## Description of the task:
Write out the line with "فلسطين – مستوطنون" and every later line through the end of the data below, exactly as given, with no pictures in the copy.

## The data:
-- Opening Marker --
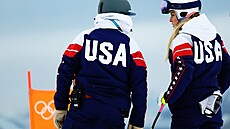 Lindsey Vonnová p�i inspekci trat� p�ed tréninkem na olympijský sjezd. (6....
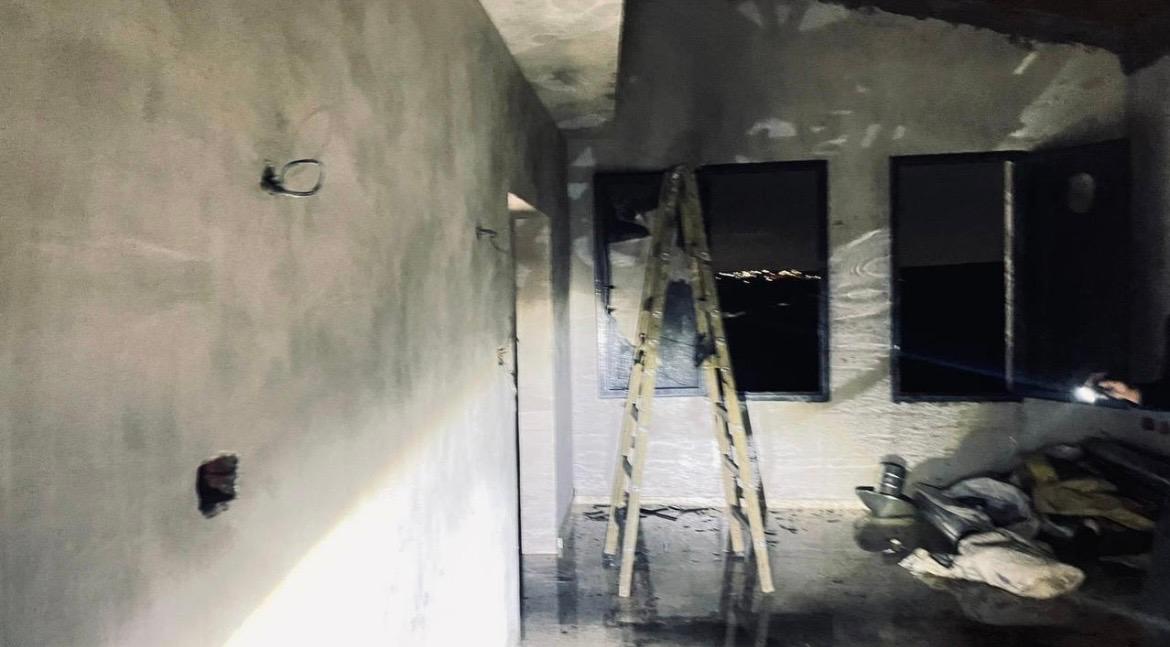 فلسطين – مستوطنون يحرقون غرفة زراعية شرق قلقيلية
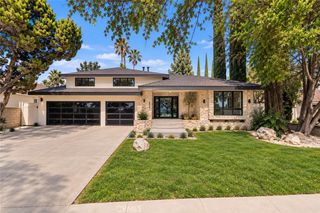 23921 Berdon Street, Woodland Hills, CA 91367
-- Closing Marker --
## Solution:
 فلسطين – مستوطنون يحرقون غرفة زراعية شرق قلقيلية
 23921 Berdon Street, Woodland Hills, CA 91367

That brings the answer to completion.